Explore how the Pythagorean Theorem can be used in conjunction with trigonometric functions. In this lesson, take an inverse trigonometric function, and define all three sides of a right triangle.

Let's take one more look at trigonometry. Remember there are two things that you need to keep in mind with respect to trigonometry. You need to remember **SohCahToa** - sin(*theta*) equals the opposite over the hypotenuse, cos(*theta*) equals the adjacent over the hypotenuse, and tan(*theta*) equals the opposite over the adjacent. So here's our right triangle. We've got *theta*, the adjacent leg, the opposite leg and the hypotenuse.

The second thing you need to remember is the **Pythagorean Theorem**. That says that if you have this *abc* right triangle, *a*^2 + *b*^2 = *c*^2. With those two things, you can do a lot of important calculations in calculus and geometry.

What are some of the things you might need to know?
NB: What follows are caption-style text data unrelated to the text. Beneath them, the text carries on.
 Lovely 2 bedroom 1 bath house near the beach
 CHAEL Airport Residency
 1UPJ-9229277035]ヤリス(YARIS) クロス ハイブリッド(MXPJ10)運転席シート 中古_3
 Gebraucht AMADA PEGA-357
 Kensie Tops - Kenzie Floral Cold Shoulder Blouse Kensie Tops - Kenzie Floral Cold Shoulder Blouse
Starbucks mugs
Well, 1/sin(*theta*) is known as csc(*theta*). It's equal to the hypotenuse over the opposite side. We will never write this as sin^-1(*theta*). Why is that? Well, sin^-1(*theta*) is really the inverse function of sin(*theta*); it's not 1/sin(*theta*). So what this means is that sin^-1(sin(*theta*)) will give you *theta*, just like *f*^-1(*f(x)*) will give back *x*. That's the definition of the inverse function here. This also means that if sin(*theta*) is the opposite over the hypotenuse, the cosecant sin^-1 of the opposite over the hypotenuse is equal to *theta*.
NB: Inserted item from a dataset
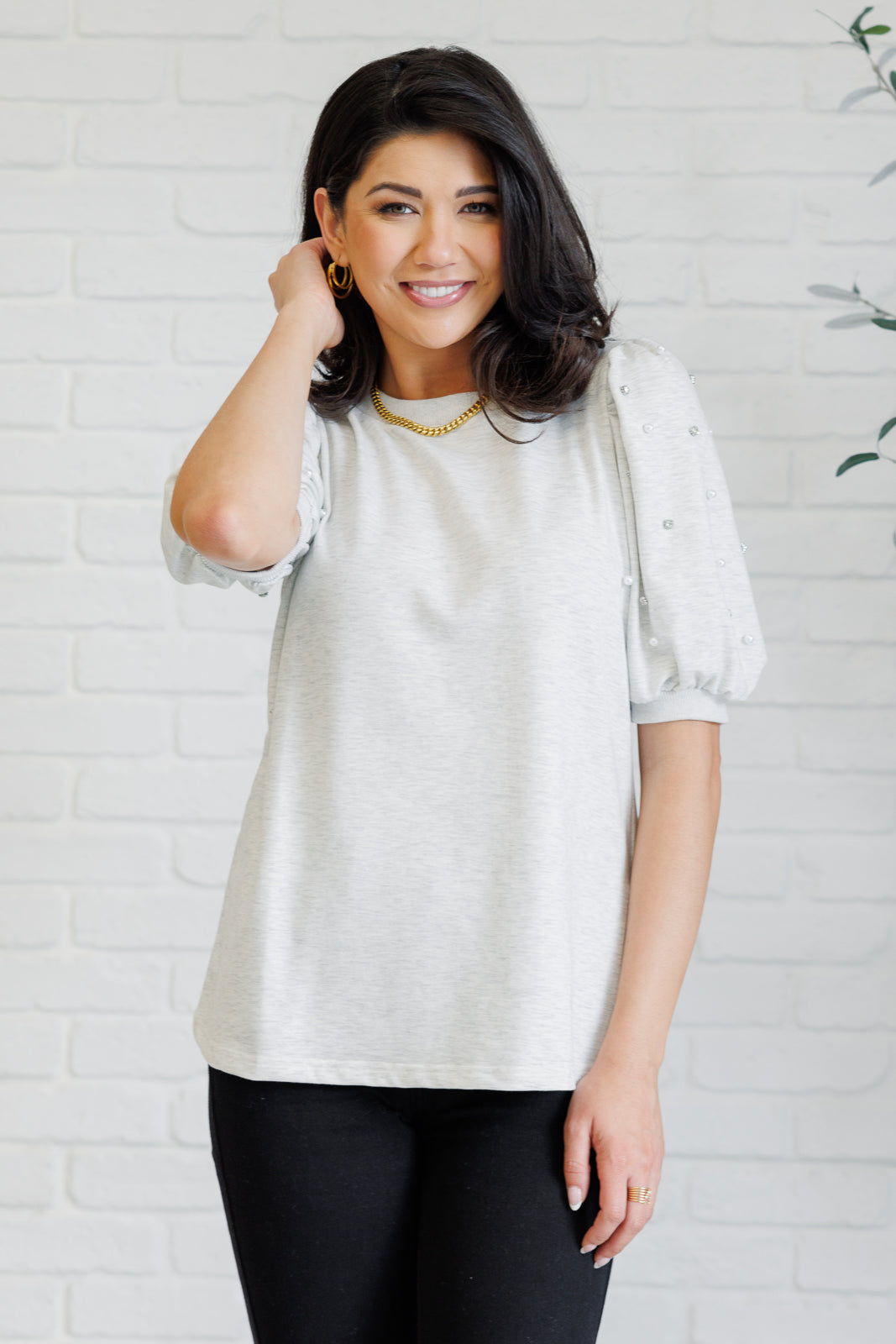 Top de manga abullonada con diamantes y perlas en gris claro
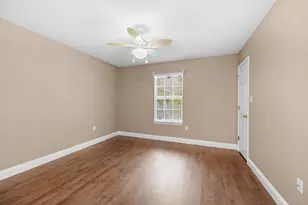 732 Denise Dr, Crestview, FL 32536 - Photo 18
Alright, so what's an example of using the Pythagorean Theorem, sines and cosines in a meaningful way? Let's say you have the function sin(*y*) = *x*. This might come from having the equation csc(*x*) = *y*. That's like saying sin^-1(*x*) = *y*. So sin(*y*) = *x*. Sin(*y*) also equals the opposite divided by the hypotenuse. So let's draw out a right triangle and let's make our angle *y*. Here I've got the opposite side and here I've got the hypotenuse. I know that the opposite divided by the hypotenuse is equal to *x*, so why don't I just call the hypotenuse 1 and this opposite side equal to *x*? Opposite over hypotenuse is equal to *x* divided by 1, so this triangle makes sense with our equation sin(*y*) = *x*.

From the Pythagorean Theorem we can find out what this other side equals. I know that *x*^2 plus the length of this side squared has to equal 1. That means that this side is equal to the square root of 1 - *x*^2, so let's put that in our triangle. Now this triangle represents sin(*y*) = *x*. Now that we know that, we can find out what the cosine and tangent of *y* are. The cosine of *y* is equal to the adjacent side divided by the hypotenuse. The adjacent side is the square root of 1 - *x*^2, and the hypotenuse is just 1, so here's my cosine of *y*. Similarly, the tangent of *y* equals the opposite over the adjacent, which is just *x* divided by the square root of 1 - *x*^2. All of these represent this right triangle.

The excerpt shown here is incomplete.